The State presented evidence indicating that Jensen repeatedly placed pornographic photos around the house for Julie to find and that Jensen knew Julie believed her former paramour was planting them. Jensen denied knowing the origin of the pornographic photos, but he told the investigating officer, Detective Paul Ratzburg, that he began saving the photos and using them to upset Julie when “something would happen” that caused him to “get pissed off.” Detective Ratzburg said Jensen explained that sometimes Jensen would leave the photos out for Julie to find and other times he would bring them out, show them to Julie and tell her that he “found these in the shed.” Detective Ratzburg testified that Jensen admitted that their marriage was never the same after Julie’s affair.
Detective Ratzburg also testified that Jensen told him that on the morning of Julie’s death, Julie “could hardly sit up,” she “was not able to get out of bed,” and she “was not able to move around and function.” Jensen said he propped Julie up in bed at 7:30 a.m., and he did not leave home that morning until 8:00 or 9:00 a.m. This timetable is significant because of computer evidence that, at 7:40 a.m. on the day of Julie’s death, a search for “ethylene glycol poisoning” was conducted on the Jensen home computer and then the user double-deleted that morning’s Internet history. Computer evidence also revealed that, two months earlier, the Jensen home computer was used to search for methods of poisoning on the same day Jensen and his then-paramour exchanged emails planning their future together.
In short, there were multiple sources of admissible evidence duplicating (or corroborating) every relevant aspect of Julie’s erroneously admitted testimonial statements. In particular, Julie’s letter and statements to Officer Kosman were not the only times Julie told her story; during the same time period, she told variations of the same story to multiple people. This contributed to what the Wisconsin Court of Appeals described as “the staggering *911weight of the untainted evidence and cumulatively sound evidence presented by the State,” which led the court to conclude that “the State has proven beyond a reasonable doubt that any error complained of did not contribute to the verdict obtained.” Jensen II, 794 N.W.2d at 504.

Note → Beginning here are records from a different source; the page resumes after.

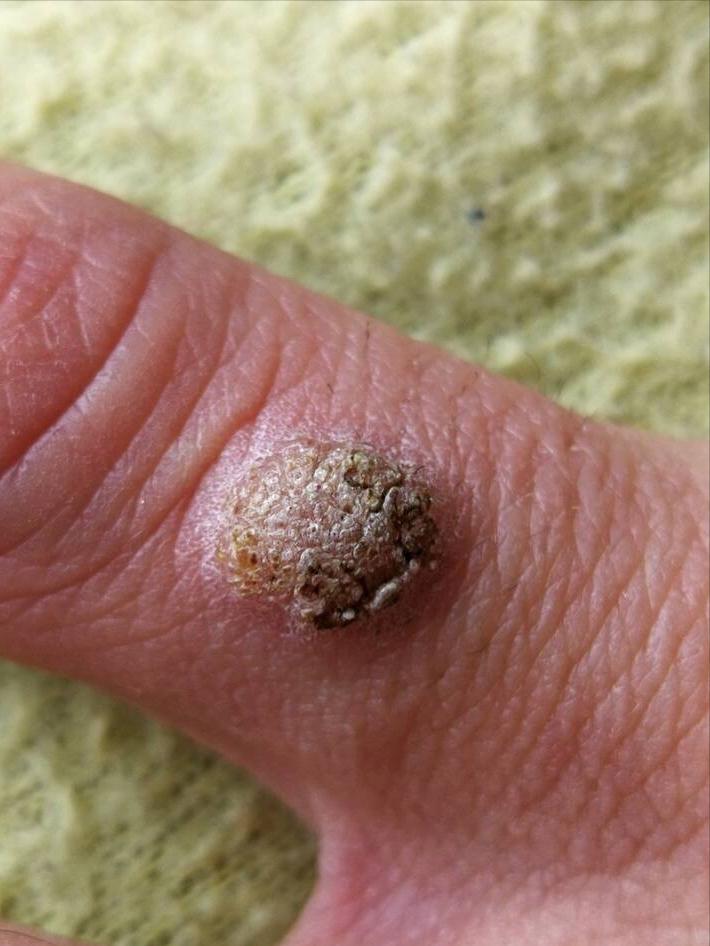 派特灵治疗hpv骗局是真的吗,派特生物能治疣吗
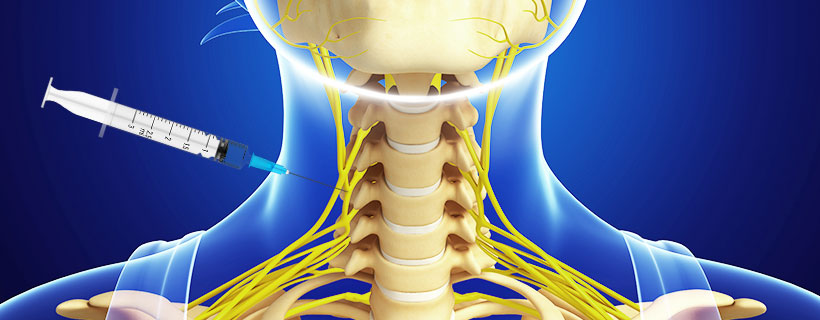 patient receiving Stellate Ganglion Block in Fort Worth for auto accident injury pain relief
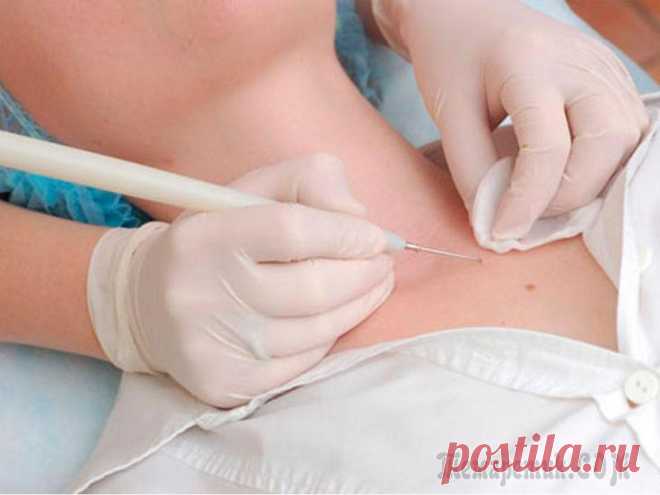 12 мифов о вирусе папилломы человека Вирус папилломы человека (или HPV – Human Papillomavirus) передается только от человека к человеку. По данным статистики в нашей стране 60 % населения инфицировано этим вирусом. И причиной такой широк...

The Wisconsin Court of Appeals recognized that “[t]his ease was not a classic whodunit.” Id. at 493. Instead, the jury was asked to choose between two dark and premeditated alternatives — either Jensen murdered Julie and framed it to look like suicide, or Julie committed suicide and framed Jensen for murder. One unique aspect of this case is that each of Julie’s testimonial statements, as well as much of the duplicative admissible. evidence, could be interpreted to support either alternative. (Given the wealth of duplicative admissible evidence, it seems safe to assume the jury will be presented with the same stark choice if there is a retrial.) It reasonably could be said that the inclusion or exclusion of Julie’s letter and testimonial statements to Officer Kosman would not significantly alter the jury’s choice or the considerations underlying that choice, no matter the rhetoric employed by the State’s lawyers in pretrial filings or the parties’ use of the letter as a framing device during trial.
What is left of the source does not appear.